The weird part here is that it means that function calls
may print an error before entering the actual function body.
I don't know if it's an actual problem in practice, but
function authors might want control of their error messages.
But of course, they don't need to use this flag.
And everyone is fine with using argparse too..

I think another potential problem with growing function options like this is that it will prevent some people from discovering (or taking the plunge into) argparse,
which seems strictly superior (we might need to add --argument-names).

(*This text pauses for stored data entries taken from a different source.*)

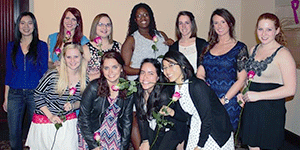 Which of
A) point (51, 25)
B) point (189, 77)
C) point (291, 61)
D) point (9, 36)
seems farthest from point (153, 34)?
point (9, 36)

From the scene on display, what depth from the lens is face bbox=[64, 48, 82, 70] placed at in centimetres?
341

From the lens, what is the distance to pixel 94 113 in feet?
10.7

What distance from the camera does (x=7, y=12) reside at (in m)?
5.67

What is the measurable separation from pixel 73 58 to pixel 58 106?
44cm

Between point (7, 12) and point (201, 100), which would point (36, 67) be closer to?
point (201, 100)

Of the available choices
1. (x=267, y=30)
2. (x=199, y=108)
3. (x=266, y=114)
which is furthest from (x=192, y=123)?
(x=267, y=30)

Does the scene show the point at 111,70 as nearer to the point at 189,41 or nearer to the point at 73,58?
the point at 73,58

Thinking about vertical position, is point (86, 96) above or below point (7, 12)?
below

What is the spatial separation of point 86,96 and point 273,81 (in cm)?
152

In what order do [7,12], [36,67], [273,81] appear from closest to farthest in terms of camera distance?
[273,81], [36,67], [7,12]

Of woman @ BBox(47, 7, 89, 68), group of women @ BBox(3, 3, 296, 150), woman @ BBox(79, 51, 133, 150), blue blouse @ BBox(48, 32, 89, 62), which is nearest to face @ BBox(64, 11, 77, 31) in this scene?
woman @ BBox(47, 7, 89, 68)

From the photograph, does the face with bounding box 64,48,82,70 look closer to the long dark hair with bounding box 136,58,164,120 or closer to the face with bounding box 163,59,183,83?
the long dark hair with bounding box 136,58,164,120

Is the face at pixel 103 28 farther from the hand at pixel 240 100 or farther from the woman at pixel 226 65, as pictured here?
the hand at pixel 240 100

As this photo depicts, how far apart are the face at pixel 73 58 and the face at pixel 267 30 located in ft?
5.16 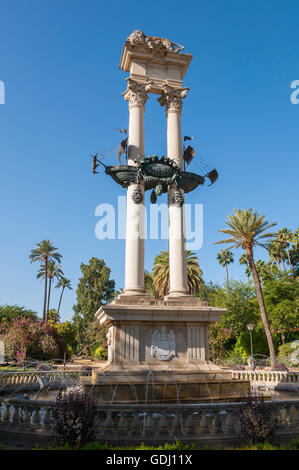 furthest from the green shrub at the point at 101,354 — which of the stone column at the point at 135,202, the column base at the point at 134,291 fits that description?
the column base at the point at 134,291

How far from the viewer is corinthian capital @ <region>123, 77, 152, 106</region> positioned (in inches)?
643

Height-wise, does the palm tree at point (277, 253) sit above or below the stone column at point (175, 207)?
above

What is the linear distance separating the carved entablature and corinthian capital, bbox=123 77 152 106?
2.07 metres

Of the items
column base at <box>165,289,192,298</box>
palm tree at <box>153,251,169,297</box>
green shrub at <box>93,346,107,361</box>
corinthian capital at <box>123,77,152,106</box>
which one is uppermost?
corinthian capital at <box>123,77,152,106</box>

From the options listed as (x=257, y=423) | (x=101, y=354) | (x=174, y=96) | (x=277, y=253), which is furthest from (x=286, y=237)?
(x=257, y=423)

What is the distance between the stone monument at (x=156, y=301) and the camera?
11.6 m

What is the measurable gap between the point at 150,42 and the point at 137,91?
2919 millimetres

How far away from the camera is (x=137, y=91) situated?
1642 cm

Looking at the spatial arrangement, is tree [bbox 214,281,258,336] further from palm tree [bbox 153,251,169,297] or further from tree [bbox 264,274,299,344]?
palm tree [bbox 153,251,169,297]

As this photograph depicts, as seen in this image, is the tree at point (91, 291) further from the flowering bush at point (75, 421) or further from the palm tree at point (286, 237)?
the flowering bush at point (75, 421)

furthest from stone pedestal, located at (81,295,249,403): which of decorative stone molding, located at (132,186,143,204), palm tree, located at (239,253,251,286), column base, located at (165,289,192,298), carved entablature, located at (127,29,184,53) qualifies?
palm tree, located at (239,253,251,286)

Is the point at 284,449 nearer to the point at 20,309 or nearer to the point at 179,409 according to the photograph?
the point at 179,409

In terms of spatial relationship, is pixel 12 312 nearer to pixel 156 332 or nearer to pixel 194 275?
pixel 194 275

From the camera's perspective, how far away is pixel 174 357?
12.4 meters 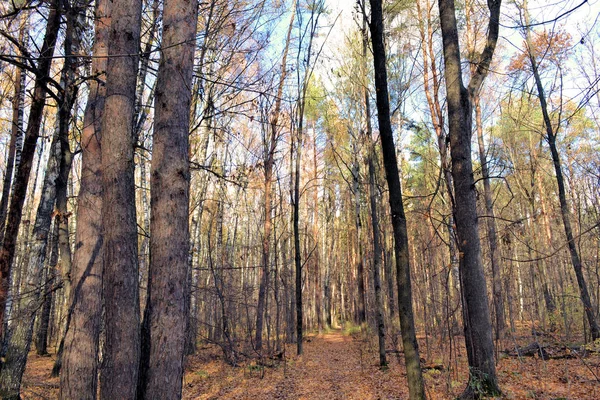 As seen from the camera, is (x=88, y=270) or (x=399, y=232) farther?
(x=88, y=270)

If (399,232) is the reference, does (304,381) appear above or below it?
below

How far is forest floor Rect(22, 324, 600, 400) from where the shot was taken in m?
6.00

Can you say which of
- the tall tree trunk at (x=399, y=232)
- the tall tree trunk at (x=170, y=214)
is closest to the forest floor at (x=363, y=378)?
the tall tree trunk at (x=399, y=232)

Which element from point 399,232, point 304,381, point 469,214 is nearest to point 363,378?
point 304,381

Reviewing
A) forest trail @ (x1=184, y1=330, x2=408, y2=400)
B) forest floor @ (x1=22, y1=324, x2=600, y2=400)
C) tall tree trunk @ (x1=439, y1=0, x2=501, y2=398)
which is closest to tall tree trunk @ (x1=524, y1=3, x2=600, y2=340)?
forest floor @ (x1=22, y1=324, x2=600, y2=400)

When I write CLI tools (mainly POSIX shell scripts), I often use
environment variables, or positional arguments because I'm too lazy to
figure out how to use getopts. I think it's much easier with argparse,
and that leads to nicer CLIs.

I think @Elec3137's concern in #11728 about argparse was that they didn't want to specify args redundantly. That we can achieve with argparse

function getCreationTime --description 'outputs the creation time of the given subvolume'
	argparse --positionals subvol -- $argv
	or return
	...
end

Note that they didn't use return but exit 1 (i.e. exit the whole shell, or, if inside source, exit the current file).
If they actually want exit semantics rather than only from returning from the current function,
then this --strict-argument-names feature wouldn't help.
So let's make sure we have a sound and complete usage example.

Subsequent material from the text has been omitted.